In antiquity, in general use, the term 'lord' was a courtesy title for social superiors, but its root meaning was 'ruler'. Kings everywhere were styled 'Lord' and often considered divine beings so the word acquired a religious significance.(Richardson:130) When the Hebrew Bible was translated into Greek in the Septuagint long before Christianity, Kurios was used for the divine tetragrammaton JHVH which was no longer read aloud but replaced with adonai a special form of the Hebrew adon = 'lord'.(Whiteley:103f)
For a Christian to recognise Jesus as Lord caused problems for society. When in 27 B.C. Roman Emperor Octavian received the title of “Augustus” it carried religious overtones, suggesting a special relationship with the world of the gods, symbolised by the cult of the Emperor’s ‘genius’, a veiled form of emperor-worship.(Frend:16) To refuse to honor the national gods was unpatriotic and akin to sabotage.(Workman:44) By around 150 A.D. provincials had made up their minds that the Christians by refusing to worship the Gods were responsible for all manner of ills such as famine, plague and earthquakes and of practices such as cannibalism and black magic.(Frend:70)
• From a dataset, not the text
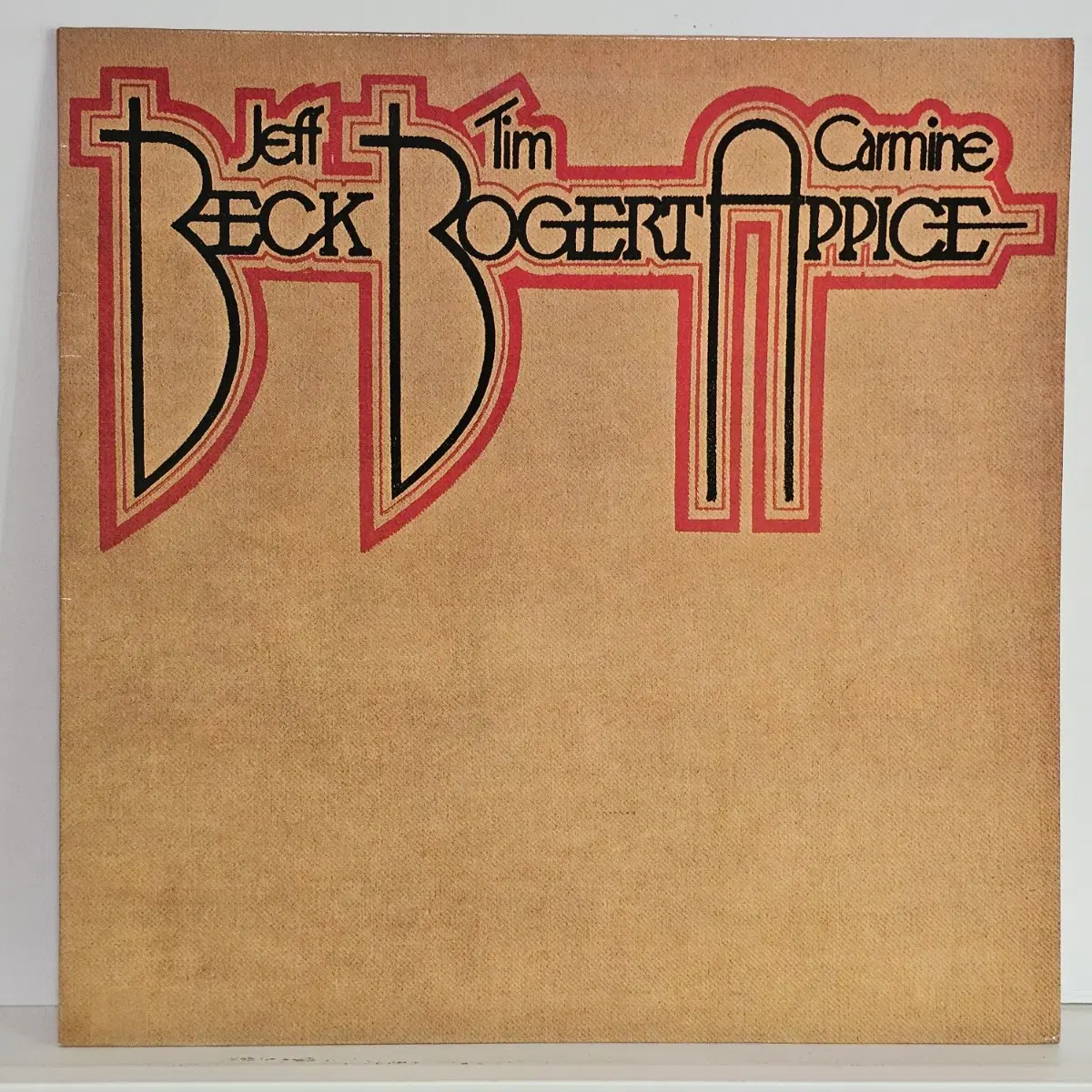 Beck, Bogert & Appice - Beck, Bogert & Appice LP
J.G. Davies comments that the Christian begins from the confession of Jesus as Lord – Jesus who is sovereign over the individual’s relation to the state, “we must understand the state in the context of the command to love one’s neighbour.”(Davies:48) He had earlier quoted from an article on ‘Priests and Socialism in Chile’ written in 1971 by Maruja Echegoyen: “Loving one’s neighbour, which is the first commandment by definition, today means working to destroy the structures that can destroy my neighbour, the people, the poor”.(NB)
J.N.D. Kelly states that Saint Paul is a witness to the fact that even while the New Testament was being written hard-and-fast outlines of the faith were emerging for the transmission of authoritative doctrine and gives examples from Galatians, 2 Thessalonians, Romans and 1 Corinthians(Kelly:8,9) ). These never formed a fixed, standard creed(Kelly:13) but creed-like slogans and tags are continually found. The most popular and briefest was "Jesus is Lord" found in 1 Corinthians 12:3; Romans 10:9 and probably in the baptisms referred to in Acts 8:16; 19:5 and 1 Cor 6:11 since their being described as "in the name of the Lord Jesus" certainly seems to imply that "the formula 'Jesus is Lord' had a place in the rite".(Kelly:15) The phrase might be extended as "Jesus Christ is Lord" as in Philippians 2:11.
In the early days, the similar formula "Jesus is the Christ" was found, but this faded into the back-ground when its original Messianic significance was forgotten. Of more long-term significance was the affirmation "Jesus is the Son of God"(Kelly:16) These were not mere catchwords: they were complemented by passages such as 1 Corinthians 15:3-7 and Romans 1:3-4 which describe Christ's work of salvation and the existence of witnesses to his resurrection(Kelly:17) and he goes on in the following pages to list another ten examples of passages which attach to the name of Jesus "selected incidents in the redemptive story".(Kelly:18)
The commitment involved in affirming that "Jesus is Lord" was by no means confined to obviously religious actions, it also meant a different life style. The ethical requirements of the Christian faith "were most earnestly inculcated in new converts" and for the most part they were accepted and put into practice". Some Gentile converts "may have lived very reprehensible lives", but on embracing the Christian message they did so "with the assurance that God in Christ had wiped out their past misdeeds".(Bruce:199) This led to their living "in their home towns, but only as sojourners" ... Their existence is on earth, but their citizenship is in heaven ... They love all, and are persecuted by all".(Ep. Diog.)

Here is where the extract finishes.